DATASET CONTENT:
++++

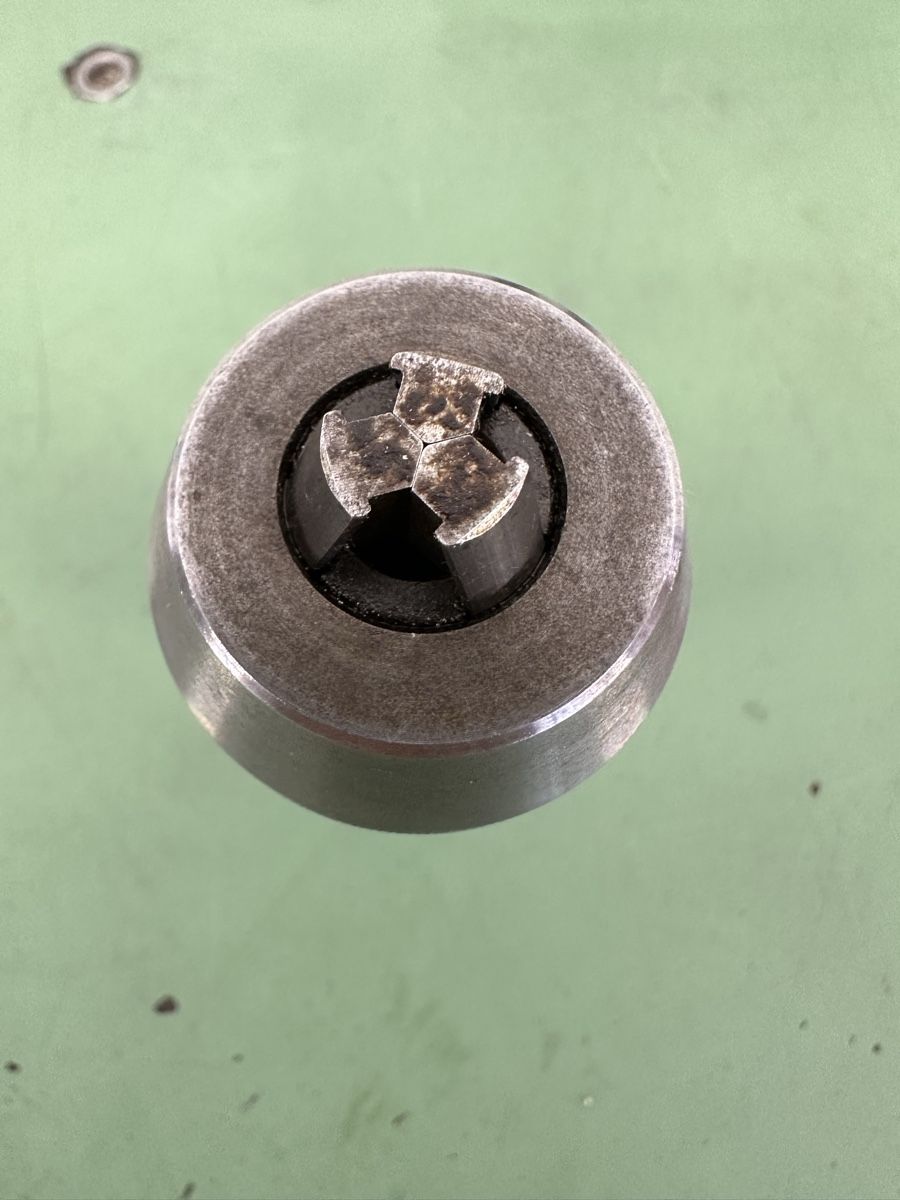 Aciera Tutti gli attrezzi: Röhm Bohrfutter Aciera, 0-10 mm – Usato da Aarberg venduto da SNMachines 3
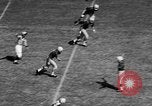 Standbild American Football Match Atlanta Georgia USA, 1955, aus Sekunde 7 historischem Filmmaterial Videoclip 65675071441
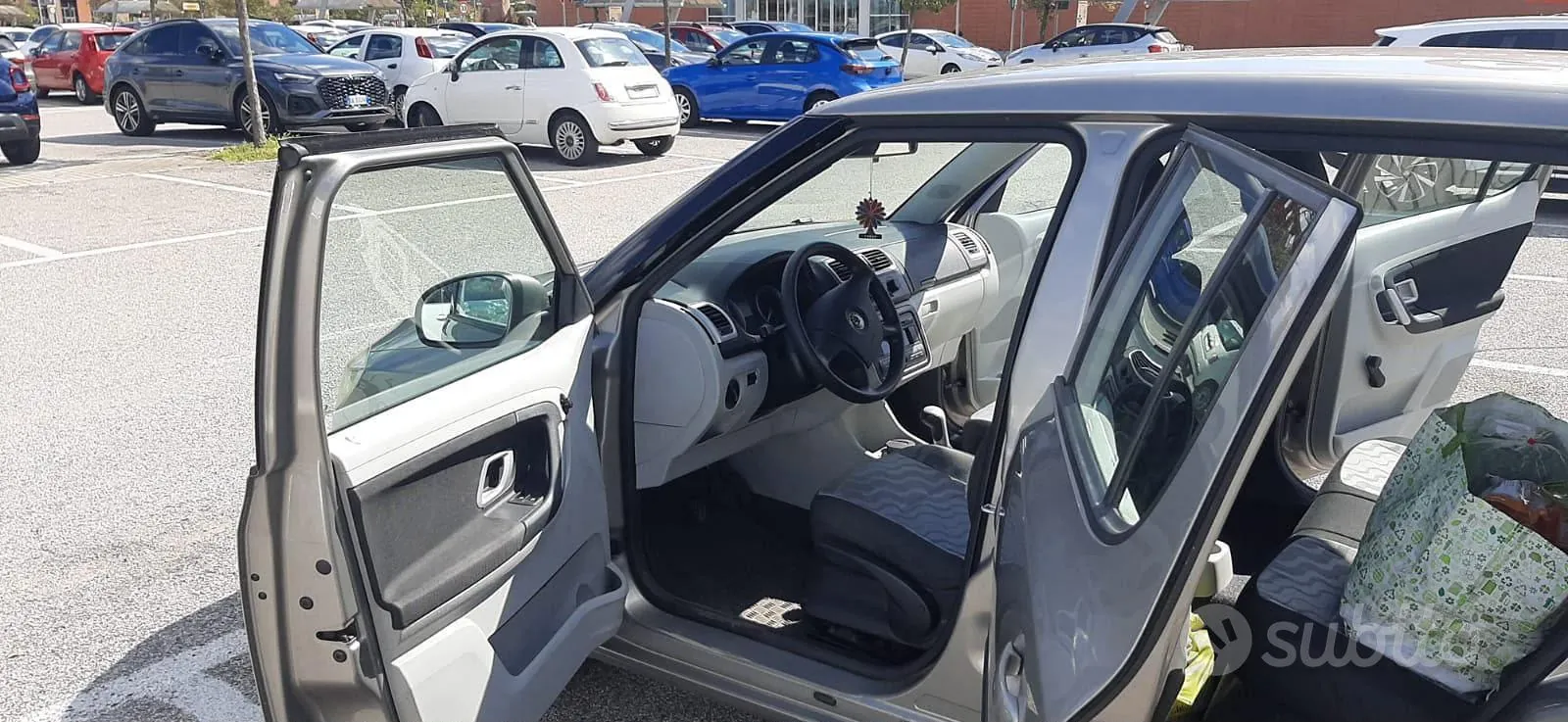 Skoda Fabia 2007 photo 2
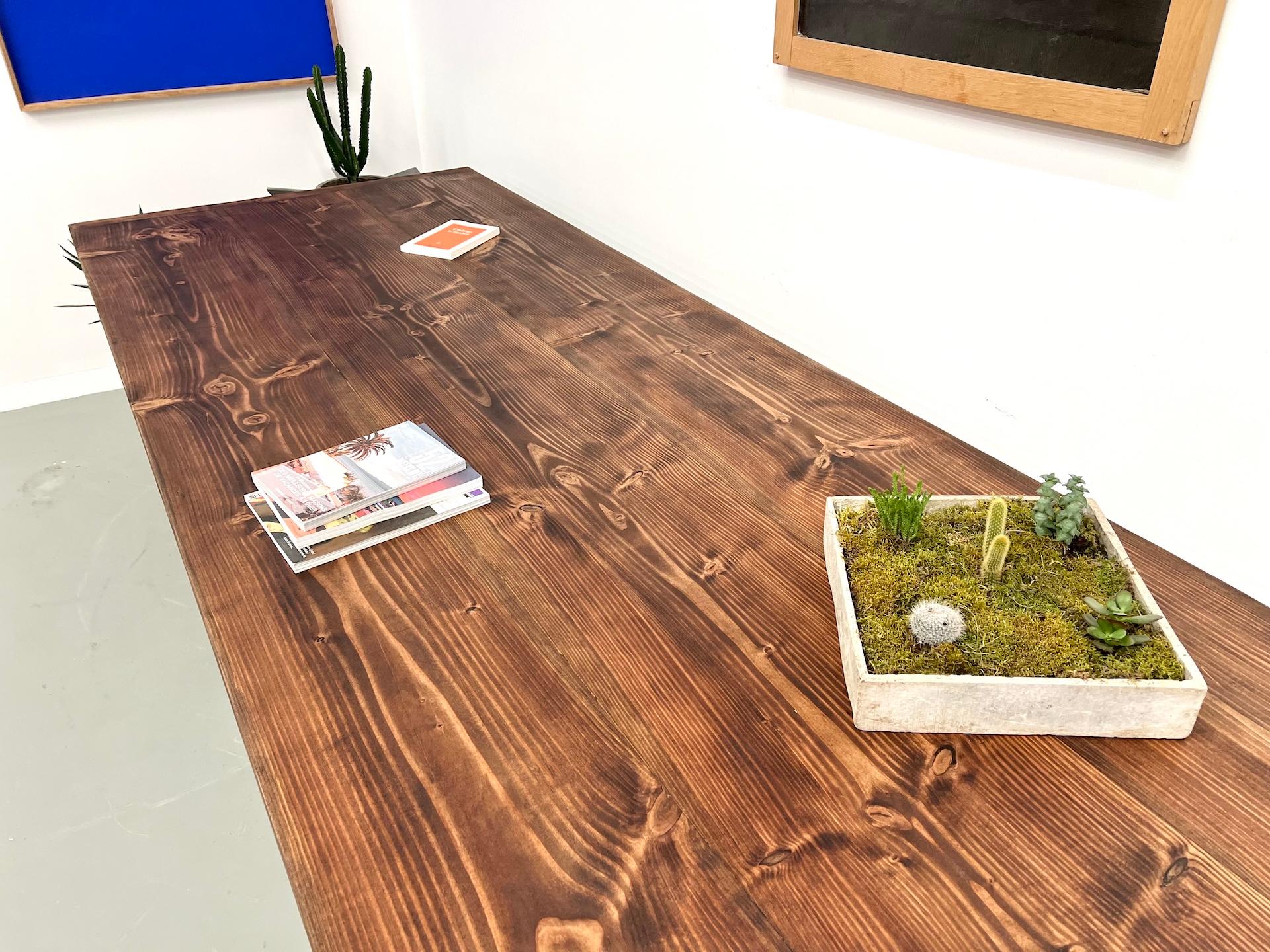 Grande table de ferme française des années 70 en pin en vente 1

++++

WHAT THE TASK REQUIRES: Hand back the data above exactly, with no images.

EXPECTED OUTPUT:
 Aciera Tutti gli attrezzi: Röhm Bohrfutter Aciera, 0-10 mm – Usato da Aarberg venduto da SNMachines 3
 Standbild American Football Match Atlanta Georgia USA, 1955, aus Sekunde 7 historischem Filmmaterial Videoclip 65675071441
 Skoda Fabia 2007 photo 2
 Grande table de ferme française des années 70 en pin en vente 1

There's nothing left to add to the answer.